Additional Dependencies
Since Ververica Platform 2.3, in addition to your job jar, you can also provide additional dependencies to your job, such as a properties file you uploaded to the universal blob storage or stored in an HTTP location.
Once started, your job can read the properties from the additional dependency files which are available under `/flink/usrlib`, e.g., using the Java class Properties.
Tip: Additional dependencies are not limited to properties files, it can be any file your job needs.
Volume Mounts
You can also provide (property) files to your job's pods using the recommended Flink Pod Template via the YAML editor
spec: template: spec: kubernetes: taskManagerPodTemplate: spec: containers: - name: flink-taskmanager volumeMounts: - name: volume-config mountPath: /volumeConfig - name: volume-secret mountPath: /volumeSecret volumes: - name: volume-config configMap: name: custom-config - name: volume-secret secret: secretName: userpass
or via the legacy approach. Then you can simply read the files under `mountPath` in your job code.
Volume mounts provide the most flexible way to inject not only key-value based properties but also any file to your Flink Jobs. The volume can be any volume that is supported by Kubernetes. The only thing is that you need a few lines in your job code to read those files.
Tip: You can also mount Kubernetes secrets this way. How to set up application-specific resource access in Ververica Platform has a section with details in this approach.
Final Remarks
So far, we have demonstrated five approaches to inject properties into Flink jobs running on Ververica Platform.

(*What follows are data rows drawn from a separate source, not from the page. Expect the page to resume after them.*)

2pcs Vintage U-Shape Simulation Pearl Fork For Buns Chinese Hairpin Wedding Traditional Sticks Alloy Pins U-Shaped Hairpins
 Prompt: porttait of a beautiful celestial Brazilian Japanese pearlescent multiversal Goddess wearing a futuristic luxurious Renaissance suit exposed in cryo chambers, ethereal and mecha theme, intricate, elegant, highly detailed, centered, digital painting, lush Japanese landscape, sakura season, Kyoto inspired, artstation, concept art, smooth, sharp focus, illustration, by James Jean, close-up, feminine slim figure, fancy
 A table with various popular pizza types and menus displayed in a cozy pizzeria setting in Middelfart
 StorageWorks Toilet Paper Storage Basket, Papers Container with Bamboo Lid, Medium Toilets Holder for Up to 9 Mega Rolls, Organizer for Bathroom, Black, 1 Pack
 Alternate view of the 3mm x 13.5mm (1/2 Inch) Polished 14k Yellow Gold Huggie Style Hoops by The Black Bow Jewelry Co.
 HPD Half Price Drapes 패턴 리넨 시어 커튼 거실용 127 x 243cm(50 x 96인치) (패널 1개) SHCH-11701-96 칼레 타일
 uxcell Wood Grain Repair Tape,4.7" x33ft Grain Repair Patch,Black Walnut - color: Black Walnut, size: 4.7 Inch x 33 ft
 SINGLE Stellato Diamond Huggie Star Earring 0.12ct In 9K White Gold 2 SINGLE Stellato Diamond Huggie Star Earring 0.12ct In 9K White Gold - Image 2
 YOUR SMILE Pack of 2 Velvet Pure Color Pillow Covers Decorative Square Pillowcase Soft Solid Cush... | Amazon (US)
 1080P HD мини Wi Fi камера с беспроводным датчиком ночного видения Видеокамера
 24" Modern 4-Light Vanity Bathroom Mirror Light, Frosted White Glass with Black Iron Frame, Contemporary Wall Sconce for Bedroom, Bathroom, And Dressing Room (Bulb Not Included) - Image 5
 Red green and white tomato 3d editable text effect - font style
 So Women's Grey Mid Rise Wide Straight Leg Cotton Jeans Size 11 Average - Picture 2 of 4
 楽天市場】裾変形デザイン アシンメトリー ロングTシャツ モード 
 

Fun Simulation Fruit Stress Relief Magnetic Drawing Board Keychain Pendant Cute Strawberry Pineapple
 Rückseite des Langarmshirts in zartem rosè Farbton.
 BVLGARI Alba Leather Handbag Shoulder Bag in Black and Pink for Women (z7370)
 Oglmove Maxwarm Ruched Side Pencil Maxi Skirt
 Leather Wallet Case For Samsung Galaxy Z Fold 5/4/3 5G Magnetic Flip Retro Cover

You can combine these approaches as needed: you can, for example, hide sensitive information behind environment variables while using `mainArgs` for frequently changed properties.
Tip: If you have some properties which are static for all jobs in one or all Ververica Platform Namespace(s), you can also set them in the Deployment Defaults (available in Ververica Platform 2.1 and later) at the namespace level or the global level, thus you do not have to specify those static properties for each individual deployment.
There are, of course, further custom techniques to retrieve properties for your job, for example by letting your job's `main` method fetch a network resource itself. These are, however, out of the scope of this article.
Warning: You may also be tempted using the Flink configuration for making your properties available to your job. We actually discourage this option because it relies on an internal API to retrieve the `Configuration` object that is created from `flink-conf.yaml` and because your custom options may eventually clash with Flink-internal options at future Flink upgrades.